#### What to do:
Could every line of the data be copied out once more, exactly?

--- START ---

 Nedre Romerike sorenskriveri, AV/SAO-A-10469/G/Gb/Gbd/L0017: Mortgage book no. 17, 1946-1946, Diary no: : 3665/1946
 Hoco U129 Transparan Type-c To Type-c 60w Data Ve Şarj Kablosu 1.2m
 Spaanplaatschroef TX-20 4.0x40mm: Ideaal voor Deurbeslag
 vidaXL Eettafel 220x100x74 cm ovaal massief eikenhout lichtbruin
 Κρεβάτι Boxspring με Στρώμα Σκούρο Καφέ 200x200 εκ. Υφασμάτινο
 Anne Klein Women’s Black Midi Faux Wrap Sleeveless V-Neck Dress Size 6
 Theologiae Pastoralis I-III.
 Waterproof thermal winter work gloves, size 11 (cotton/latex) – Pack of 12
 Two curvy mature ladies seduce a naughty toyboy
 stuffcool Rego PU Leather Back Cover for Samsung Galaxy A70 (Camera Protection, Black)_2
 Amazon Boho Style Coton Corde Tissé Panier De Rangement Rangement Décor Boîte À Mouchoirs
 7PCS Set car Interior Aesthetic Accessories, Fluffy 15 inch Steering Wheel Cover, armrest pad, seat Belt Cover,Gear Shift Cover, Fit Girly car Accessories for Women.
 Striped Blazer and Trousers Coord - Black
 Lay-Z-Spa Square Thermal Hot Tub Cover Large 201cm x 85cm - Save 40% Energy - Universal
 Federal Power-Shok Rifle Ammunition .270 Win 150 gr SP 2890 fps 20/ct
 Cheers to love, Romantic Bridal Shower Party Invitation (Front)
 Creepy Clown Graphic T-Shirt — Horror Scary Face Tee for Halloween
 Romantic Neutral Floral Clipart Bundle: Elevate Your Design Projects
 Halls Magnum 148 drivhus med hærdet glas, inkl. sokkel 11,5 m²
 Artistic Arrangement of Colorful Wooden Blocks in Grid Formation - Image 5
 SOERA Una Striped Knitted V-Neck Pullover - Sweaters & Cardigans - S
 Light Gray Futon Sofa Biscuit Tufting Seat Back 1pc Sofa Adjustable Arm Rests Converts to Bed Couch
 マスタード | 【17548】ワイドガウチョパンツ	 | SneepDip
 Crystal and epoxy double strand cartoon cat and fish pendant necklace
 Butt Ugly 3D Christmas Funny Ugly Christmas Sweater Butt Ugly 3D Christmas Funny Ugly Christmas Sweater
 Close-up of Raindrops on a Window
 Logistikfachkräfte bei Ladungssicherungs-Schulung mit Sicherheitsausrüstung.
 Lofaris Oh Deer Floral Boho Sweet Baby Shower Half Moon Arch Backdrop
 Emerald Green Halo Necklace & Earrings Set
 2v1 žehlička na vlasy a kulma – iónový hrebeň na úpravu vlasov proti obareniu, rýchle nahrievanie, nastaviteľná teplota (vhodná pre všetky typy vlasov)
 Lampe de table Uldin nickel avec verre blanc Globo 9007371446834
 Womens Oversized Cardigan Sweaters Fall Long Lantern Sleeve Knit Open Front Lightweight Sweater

--- END ---

#### Solution for this task:
 Nedre Romerike sorenskriveri, AV/SAO-A-10469/G/Gb/Gbd/L0017: Mortgage book no. 17, 1946-1946, Diary no: : 3665/1946
 Hoco U129 Transparan Type-c To Type-c 60w Data Ve Şarj Kablosu 1.2m
 Spaanplaatschroef TX-20 4.0x40mm: Ideaal voor Deurbeslag
 vidaXL Eettafel 220x100x74 cm ovaal massief eikenhout lichtbruin
 Κρεβάτι Boxspring με Στρώμα Σκούρο Καφέ 200x200 εκ. Υφασμάτινο
 Anne Klein Women’s Black Midi Faux Wrap Sleeveless V-Neck Dress Size 6
 Theologiae Pastoralis I-III.
 Waterproof thermal winter work gloves, size 11 (cotton/latex) – Pack of 12
 Two curvy mature ladies seduce a naughty toyboy
 stuffcool Rego PU Leather Back Cover for Samsung Galaxy A70 (Camera Protection, Black)_2
 Amazon Boho Style Coton Corde Tissé Panier De Rangement Rangement Décor Boîte À Mouchoirs
 7PCS Set car Interior Aesthetic Accessories, Fluffy 15 inch Steering Wheel Cover, armrest pad, seat Belt Cover,Gear Shift Cover, Fit Girly car Accessories for Women.
 Striped Blazer and Trousers Coord - Black
 Lay-Z-Spa Square Thermal Hot Tub Cover Large 201cm x 85cm - Save 40% Energy - Universal
 Federal Power-Shok Rifle Ammunition .270 Win 150 gr SP 2890 fps 20/ct
 Cheers to love, Romantic Bridal Shower Party Invitation (Front)
 Creepy Clown Graphic T-Shirt — Horror Scary Face Tee for Halloween
 Romantic Neutral Floral Clipart Bundle: Elevate Your Design Projects
 Halls Magnum 148 drivhus med hærdet glas, inkl. sokkel 11,5 m²
 Artistic Arrangement of Colorful Wooden Blocks in Grid Formation - Image 5
 SOERA Una Striped Knitted V-Neck Pullover - Sweaters & Cardigans - S
 Light Gray Futon Sofa Biscuit Tufting Seat Back 1pc Sofa Adjustable Arm Rests Converts to Bed Couch
 マスタード | 【17548】ワイドガウチョパンツ	 | SneepDip
 Crystal and epoxy double strand cartoon cat and fish pendant necklace
 Butt Ugly 3D Christmas Funny Ugly Christmas Sweater Butt Ugly 3D Christmas Funny Ugly Christmas Sweater
 Close-up of Raindrops on a Window
 Logistikfachkräfte bei Ladungssicherungs-Schulung mit Sicherheitsausrüstung.
 Lofaris Oh Deer Floral Boho Sweet Baby Shower Half Moon Arch Backdrop
 Emerald Green Halo Necklace & Earrings Set
 2v1 žehlička na vlasy a kulma – iónový hrebeň na úpravu vlasov proti obareniu, rýchle nahrievanie, nastaviteľná teplota (vhodná pre všetky typy vlasov)
 Lampe de table Uldin nickel avec verre blanc Globo 9007371446834
 Womens Oversized Cardigan Sweaters Fall Long Lantern Sleeve Knit Open Front Lightweight Sweater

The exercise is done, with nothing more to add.